Let $(X_i)$ be iid standard gaussian random variables. 
Then, by Jensen's inequality, for all $\lambda \in (0,1/2)$, 
$$
\rme^{\lambda \PE[M_n^2]} \leq \PE[\rme^{\lambda M_n^2}] \leq n \PE[\rme^{\lambda X^2}]=n \int \frac{\rme^{-\frac{1-2\lambda}{2}x^2}}{\sqrt{2\pi}} \rmd x=n \lr{1-2\lambda}^{-1/2}
$$
Taking the $\log$ and dividing by $\lambda$, we get: 
$$
\PE[M_n^2] \leq \frac{\log n-2^{-1}\log(1-2\lambda)}{\lambda}
$$
Choosing $\lambda$ such that $\log n=-2^{-1}\log(1-2\lambda)$ yields for $n \geq 2$,  
$$
\PE[M_n^2] \leq \frac{4\log n}{1-n^{-2}}= 4 \log n +\frac{4 \log n}{n^2-1} \leq 4\log n +1
$$
With a similar argument, we can show that 
$$
\PE[M_n] \leq \sqrt{2 \log n}
$$
Finally, a Markov inequality yields for all $x>0$
$$
\PP(M_n > x) \leq \frac{\sqrt{2 \log n}}{x} 
$$
which is better than the previous bound \eqref{eq:bound:max} wrt $n$ but dramatic wrt $x$...
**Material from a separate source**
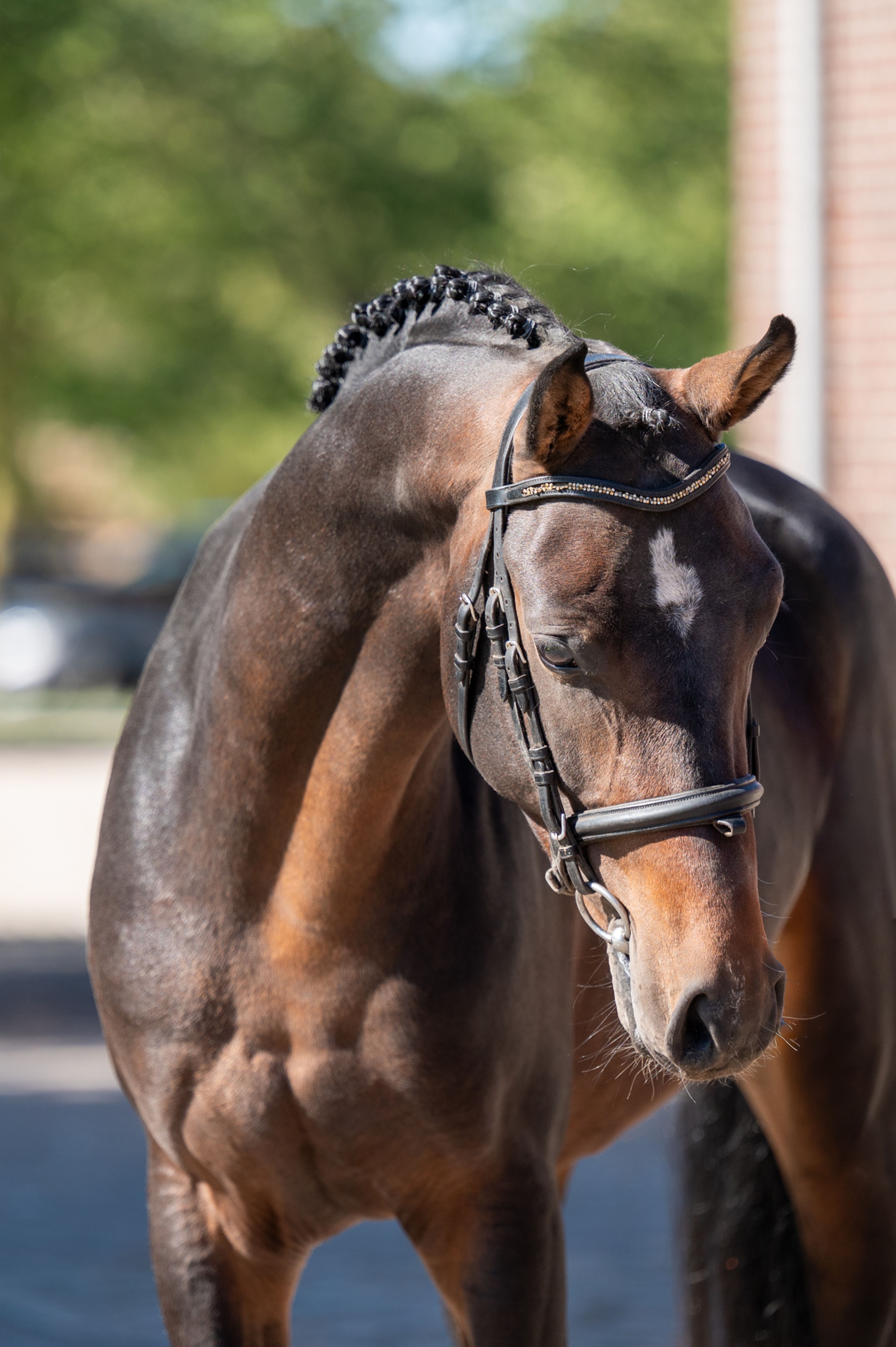 Mastermind - AES Licensed (KOETSIERSHOEVE MESSENGER x VITANO) - Image 9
===== Another inequality which can be useful for max distribution =====


Let $Z$ be a non-negative random variable on a probability space $(\Omega,\mcf,\PP)$  and assume that there exists a constant $c> 1$ such that for all $t\geq 0$,
$$
\PP(Z>t)\leq c\rme^{-2nt^2} 
$$
Then,
$$
\PE[Z] \leq \sqrt{ \frac{\log c +1}{2n} }
$$

$\bproof$
\begin{align*}
\PE[Z^2]&=\int_0^\infty \PP(Z>\sqrt{t})\rmd t \leq \int_0^\infty 1\wedge \lr{c\rme^{-2nt} } \rmd t =\frac{\log c}{2n} + \int_{\frac{\log c}{2n}} ^\infty c\rme^{-2nt} \rmd t =\frac{\log c}{2n} +\frac{1}{2n}
\end{align*}
The proof is completed by noting that $\PE[Z] \leq \sqrt{\PE[Z^2]}$ 
$\eproof$

==== Some comments on the approach ====

It may seem a bit convoluted to bound $\PE[Z]$ using a bound of $\PE[Z^2]$. I tried using a direct proof. 
\begin{align*}
\PE[Z]&=\int_0^\infty \PP(Z>t)\rmd t \leq \int_0^\infty 1\wedge \lr{c\rme^{-2nt^2} } \rmd t =\sqrt{\frac{\log c}{2n}} + \int_{\sqrt{\frac{\log c}{2n}}} ^\infty c\rme^{-2nt^2} \rmd t \\
&\leq \sqrt{\frac{\log c}{2n}} +\int_{\sqrt{\frac{\log c}{2n}}} ^\infty \frac{t}{\sqrt{\frac{\log c}{2n}}} c\rme^{-2nt^2} \rmd t = \sqrt{\frac{\log c}{2n}} +\lrb{\frac{c\rme^{-2nt^2}}{-4n\sqrt{\frac{\log c}{2n}}} }_{\sqrt{\frac{\log c}{2n}}}^\infty \\
&=\frac{1}{\sqrt{2n}} \lr{\sqrt{\log c}+ \frac{1}{2 \sqrt{\log c}}}
\end{align*}
The bound is less sharp because on the second line, we only apply a rough bound on the survival function of a Gaussian distribution. And not surprisingly, the resulting bound is less sharp that the previous one because: $\sqrt{a+1} \leq \sqrt{a}+\frac{1}{2\sqrt{a}}$.  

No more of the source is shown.